Brickfield
British Ceramics Biennial
Through our Clay Exchange programme we are exploring how Clay Country can re-connect to Ceramic City, Stoke-on-Trent, the historic heartland of ceramic production where millions of tonnes of St Austell’s china clay have been sent, and a city also looking to refashion it’s future through its industrial past. This relationship is currently being re-imagined through Brickfield, which aims to re-introduce the china clay pits to people in St Austell and Stoke-on-Trent as a place of human production through the humble brick.
In 2019, we exchanged white china clay with red etruria marl clay for brick making at the Brickfield site in Blackpool Pit and for community brickmaking at Middleport Pottery where the china clay would have arrived from Cornwall by barge.
The British Ceramics Biennial started in 2009 and has grown to be the single largest ceramics event in the UK. The biennial is a catalyst for regeneration within Stoke-on-Trent and is helping to solidify the city as the international centre for contemporary ceramics. Through its practices, the BCB has helped to bring art, creative energy and attention to the city; facilitating new public engagement within local communities; and for visitors and tourists.

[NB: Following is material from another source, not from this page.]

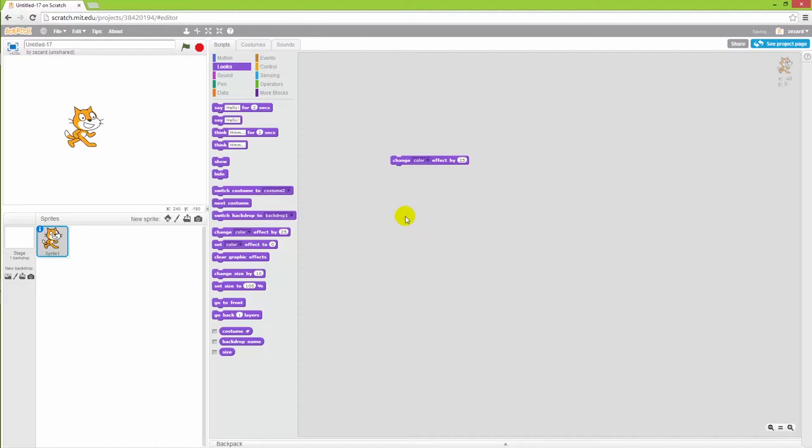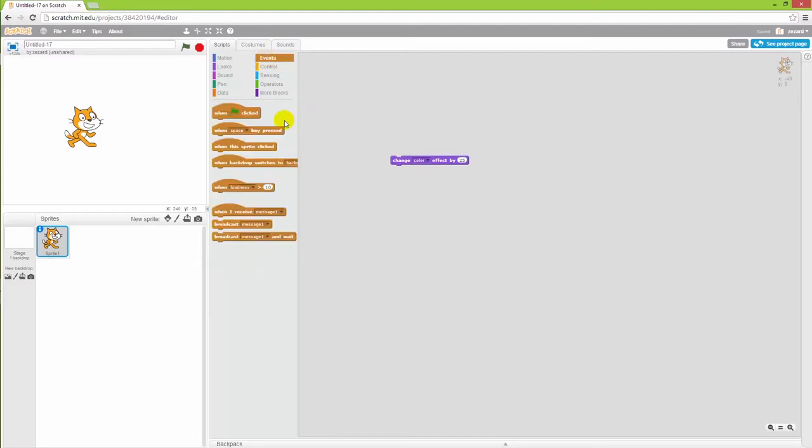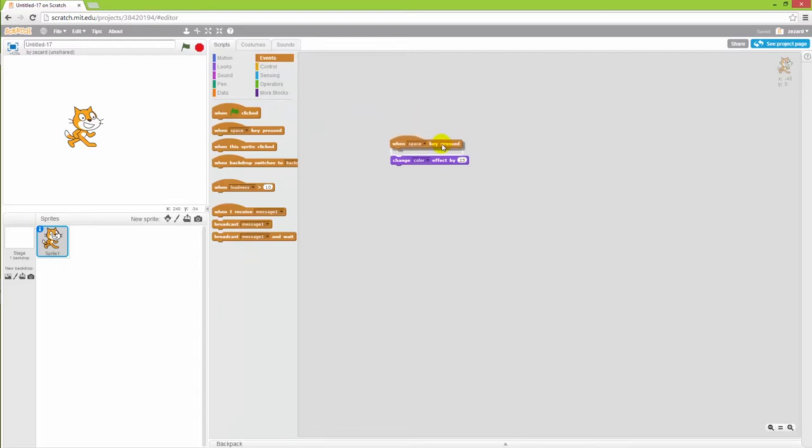Now I want the cat to change his color when I'm pushing a button so I also want an event that's controlling my keyboard. And to do that I'll go into the control session. No I won't. I will go into the event session and pick one of these when I press the spacebar and make sure that it snaps to the change color thing.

The biennial showcases the work of the UK’s leading ceramicists through various exhibitions and events across Stoke. As well as holding this prestigious event, the BCB has a programme of commissions, education and community projects that run throughout the year for artists to partake in.
Over 5 weeks in September, the BCB festival takes place boasting an ambitious programme of exhibitions, installations and hands on workshops for those visiting to enjoy. Many of the artists involved with the Whitegold International Prize are involved in exhibiting at the festival.
Artists at Middleport Pottery, where they film the Pottery Throw Down and where china clay from St Austell would have arrived by barge, are making bricks with a clay mix that uses kaolin from Cornwall. Meanwhile we’re soon to be mixing their etruria red marl clay into our @brickfield ‘muck’. All in the spirit of exchange and marking our shared heritage!